From: Christoph Hellwig

Date: Wed May 27 2026 - 10:22:32 EST


On Fri, May 22, 2026 at 11:30:34AM -0400, Chao Shi wrote:
> nvme_find_rq() resolves a device-supplied command id to a request with
> blk_mq_tag_to_rq(), which returns whatever request last used that tag -
> possibly one that is no longer in flight (freed, or never dispatched and
> thus with a NULL rq->mq_hctx). Commit e7006de6c238 ("nvme: code
> command_id with a genctr for use-after-free validation") guards against
> this, but its generation counter is only 4 bits wide and can be matched
> by a malfunctioning or malicious device replaying command ids. The
> driver then completes a request that is not outstanding, dereferencing a
> NULL rq->mq_hctx or double-completing a command:

I don't think an intentionally malicious device is part of the threat
model here.

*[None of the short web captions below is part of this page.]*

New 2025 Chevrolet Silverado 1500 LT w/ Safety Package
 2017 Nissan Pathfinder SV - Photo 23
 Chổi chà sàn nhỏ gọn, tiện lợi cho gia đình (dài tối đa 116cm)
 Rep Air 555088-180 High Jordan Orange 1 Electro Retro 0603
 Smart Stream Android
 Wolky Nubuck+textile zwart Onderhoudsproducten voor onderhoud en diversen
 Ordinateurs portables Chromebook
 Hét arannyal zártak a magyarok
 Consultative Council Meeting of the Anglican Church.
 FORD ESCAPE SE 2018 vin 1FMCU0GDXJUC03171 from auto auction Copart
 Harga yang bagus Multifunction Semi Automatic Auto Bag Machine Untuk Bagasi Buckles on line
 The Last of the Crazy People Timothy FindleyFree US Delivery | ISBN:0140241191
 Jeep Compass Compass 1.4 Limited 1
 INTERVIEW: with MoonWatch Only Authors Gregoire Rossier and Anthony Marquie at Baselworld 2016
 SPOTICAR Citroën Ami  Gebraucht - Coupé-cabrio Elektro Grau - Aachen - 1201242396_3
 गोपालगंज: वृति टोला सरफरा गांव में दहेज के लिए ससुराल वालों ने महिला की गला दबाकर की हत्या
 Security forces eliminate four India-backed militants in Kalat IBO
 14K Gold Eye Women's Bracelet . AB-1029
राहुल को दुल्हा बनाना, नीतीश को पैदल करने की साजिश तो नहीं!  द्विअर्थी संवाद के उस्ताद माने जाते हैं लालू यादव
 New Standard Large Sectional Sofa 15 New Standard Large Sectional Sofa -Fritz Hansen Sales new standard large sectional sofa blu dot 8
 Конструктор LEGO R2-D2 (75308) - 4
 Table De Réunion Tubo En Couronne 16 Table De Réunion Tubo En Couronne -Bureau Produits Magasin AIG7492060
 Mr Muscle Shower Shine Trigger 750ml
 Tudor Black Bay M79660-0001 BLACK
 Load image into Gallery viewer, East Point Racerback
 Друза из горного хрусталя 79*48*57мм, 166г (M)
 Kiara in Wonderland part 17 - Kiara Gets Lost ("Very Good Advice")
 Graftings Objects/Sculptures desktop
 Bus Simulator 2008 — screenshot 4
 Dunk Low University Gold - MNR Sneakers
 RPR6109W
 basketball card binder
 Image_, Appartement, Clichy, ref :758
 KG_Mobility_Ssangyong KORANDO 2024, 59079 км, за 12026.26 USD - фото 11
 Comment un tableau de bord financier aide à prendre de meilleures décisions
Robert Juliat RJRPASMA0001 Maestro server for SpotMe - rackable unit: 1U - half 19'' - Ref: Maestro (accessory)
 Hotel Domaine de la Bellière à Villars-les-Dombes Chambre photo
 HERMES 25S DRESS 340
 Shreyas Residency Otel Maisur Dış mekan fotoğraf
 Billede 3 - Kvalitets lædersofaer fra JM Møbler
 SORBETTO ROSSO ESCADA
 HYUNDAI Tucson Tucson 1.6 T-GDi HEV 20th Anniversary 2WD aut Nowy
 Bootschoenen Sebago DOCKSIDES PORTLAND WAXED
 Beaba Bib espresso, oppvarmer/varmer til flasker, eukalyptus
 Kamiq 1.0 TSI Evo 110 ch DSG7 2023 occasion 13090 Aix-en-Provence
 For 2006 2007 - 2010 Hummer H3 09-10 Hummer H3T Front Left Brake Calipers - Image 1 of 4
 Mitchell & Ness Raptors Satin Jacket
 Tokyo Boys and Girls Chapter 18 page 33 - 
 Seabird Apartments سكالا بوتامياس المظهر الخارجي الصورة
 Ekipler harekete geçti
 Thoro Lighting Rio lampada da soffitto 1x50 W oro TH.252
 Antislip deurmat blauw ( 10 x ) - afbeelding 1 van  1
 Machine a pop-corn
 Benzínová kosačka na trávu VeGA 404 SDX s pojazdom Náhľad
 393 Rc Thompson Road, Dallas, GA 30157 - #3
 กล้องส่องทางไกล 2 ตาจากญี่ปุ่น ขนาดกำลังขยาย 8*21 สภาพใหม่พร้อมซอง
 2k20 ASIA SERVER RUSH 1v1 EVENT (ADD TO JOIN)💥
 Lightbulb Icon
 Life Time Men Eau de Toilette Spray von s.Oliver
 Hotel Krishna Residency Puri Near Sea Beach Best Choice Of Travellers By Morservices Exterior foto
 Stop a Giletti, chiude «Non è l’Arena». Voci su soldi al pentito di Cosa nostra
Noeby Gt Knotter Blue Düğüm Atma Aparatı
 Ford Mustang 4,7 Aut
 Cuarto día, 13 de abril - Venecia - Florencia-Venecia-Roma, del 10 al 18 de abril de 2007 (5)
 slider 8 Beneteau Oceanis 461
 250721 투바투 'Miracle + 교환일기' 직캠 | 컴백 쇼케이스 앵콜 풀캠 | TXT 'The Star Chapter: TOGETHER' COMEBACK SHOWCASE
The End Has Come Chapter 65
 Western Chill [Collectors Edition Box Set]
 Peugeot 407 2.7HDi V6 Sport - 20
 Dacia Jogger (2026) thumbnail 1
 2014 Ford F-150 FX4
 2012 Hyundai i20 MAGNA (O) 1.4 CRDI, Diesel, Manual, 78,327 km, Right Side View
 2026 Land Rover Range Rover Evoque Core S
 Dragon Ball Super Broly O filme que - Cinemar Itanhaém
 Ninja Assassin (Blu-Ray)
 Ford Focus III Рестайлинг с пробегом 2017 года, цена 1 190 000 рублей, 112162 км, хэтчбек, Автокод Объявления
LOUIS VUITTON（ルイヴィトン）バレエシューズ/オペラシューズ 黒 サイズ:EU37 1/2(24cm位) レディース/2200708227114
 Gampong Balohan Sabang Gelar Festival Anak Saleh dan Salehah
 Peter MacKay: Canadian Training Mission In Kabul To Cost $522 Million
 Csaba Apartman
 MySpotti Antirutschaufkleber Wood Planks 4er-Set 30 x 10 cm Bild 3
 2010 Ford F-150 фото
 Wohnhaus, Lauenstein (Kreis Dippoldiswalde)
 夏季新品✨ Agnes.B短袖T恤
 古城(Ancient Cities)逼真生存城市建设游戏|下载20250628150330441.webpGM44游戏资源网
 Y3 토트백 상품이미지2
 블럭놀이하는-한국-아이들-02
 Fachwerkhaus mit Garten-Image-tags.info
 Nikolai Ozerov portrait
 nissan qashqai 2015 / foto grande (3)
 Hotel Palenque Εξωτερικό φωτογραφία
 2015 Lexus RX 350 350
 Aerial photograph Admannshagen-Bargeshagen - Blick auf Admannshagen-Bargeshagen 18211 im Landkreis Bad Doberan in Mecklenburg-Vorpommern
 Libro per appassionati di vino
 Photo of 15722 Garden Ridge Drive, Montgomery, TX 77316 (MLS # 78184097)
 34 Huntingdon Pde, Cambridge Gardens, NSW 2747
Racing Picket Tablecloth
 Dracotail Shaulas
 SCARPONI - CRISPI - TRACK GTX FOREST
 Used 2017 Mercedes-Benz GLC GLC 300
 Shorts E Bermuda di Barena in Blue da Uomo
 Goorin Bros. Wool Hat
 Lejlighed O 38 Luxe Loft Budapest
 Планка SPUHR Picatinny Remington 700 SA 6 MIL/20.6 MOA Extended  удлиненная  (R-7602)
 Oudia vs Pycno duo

This was added to protect against buggy devices.

> + /*
> + * blk_mq_tag_to_rq() returns whatever request last used this tag, which
> + * may no longer be in flight if the device reports a bogus command id.
> + * Completing it would deref a NULL rq->mq_hctx or double-complete a
> + * command; the 4-bit genctr below only narrows the window.
> + */
> + if (unlikely(blk_mq_rq_state(rq) != MQ_RQ_IN_FLIGHT)) {
> + dev_err(nvme_req(rq)->ctrl->device,
> + "completion for request %#x not in flight\n", tag);
> + return NULL;
> + }

Although this check looks cheap enough that it should not hurt to add
it. So I think this should be ok, but maybe respin with your planned
commit message update.